Credit: John K. Eaton
Stuart Schreiber (left) and Vasanthi S. Viswanathan helped cofound Kojin.

Kojin Therapeutics has launched with $60 million to develop drugs that exploit the plasticity of cells, and in particular their tendency to become vulnerable to an iron-dependent process called ferroptosis.

Common wisdom in the field of oncology says that when a drug stops working it’s because tumor cells have mutated to evade it. But cancers have other sneaky ways of resisting our pharmacopeia, one of which is morphing into a state where they are vulnerable to a different kind of cell death. All of our current oncology drugs push tumors to their demise through a process called apoptosis, but some cancer cells alter their gene expression to become reliant on ferroptosis, explains Stuart Schreiber, cofounder of Kojin and a chemical biologist at Harvard University and Broad Institute of MIT and Harvard.

“Every cell in our body also has an inherent plasticity, an ability to switch,” Schreiber says. That switch is why some targeted therapies can often easily shrink tumors to barely detectable levels, but never really cure someone’s cancer. The lingering, slow-growing cells are no longer dependent on the drug’s target and instead have become vulnerable to ferroptosis, he says.

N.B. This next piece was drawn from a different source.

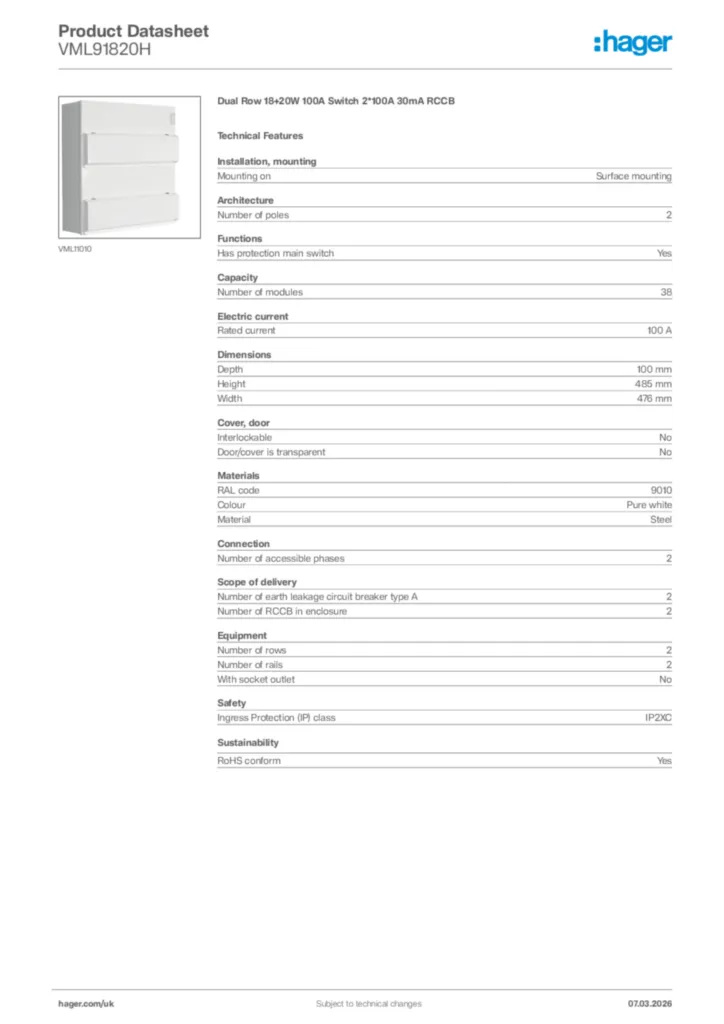 Image Hager Product data sheet VML91820H  | Hager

It’s that ferroptotic state that Kojin plans to exploit. The foundations of the company were laid out in Schreiber’s labs by a team led by postdoc Vasanthi S. Viswanathan. Now a cofounder and head of biology at Kojin, Viswanathan contributed several key insights, including unraveling the mechanism by which an enzyme called GPX4 can rescue cells from ferroptosis and finding chemical probes to show that inhibiting that enzyme can lead to cell death.

Kojin was founded with seed funding a little over a year ago, and since then its team has validated some targets within the ferroptosis pathway and explored small molecules that can modulate those targets, says board member Nagesh Mahanthappa. “A major priority in the coming year will be showing that this isn’t just a phenomenon in the culture plate, but to actually prove it out in relevant in vivo model systems,” Mahanthappa says.

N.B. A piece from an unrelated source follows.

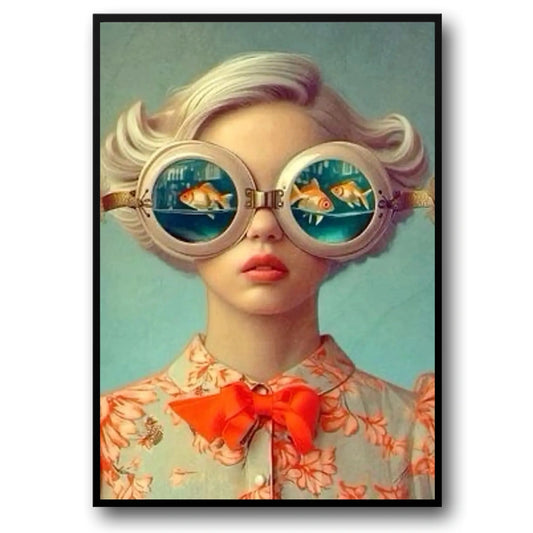Floral Girl Poster | Woman with Fish in Oversized Sunglasses | Serene Aqua Backdrop Art | Unique Home Decor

The current round of funding, which came from a syndicate of investors including Polaris Partners, Newpath Partners, and Cathay Health, will allow the biotech firm to discover compounds that can go into human studies in the next 3–4 years, he adds.

While Kojin will initially focus on cancer and ferroptosis, Mahanthappa says its platform has the potential to broadly take advantage of the inherent plasticity of cells, citing opportunities in fibrosis and neurodegenerative diseases.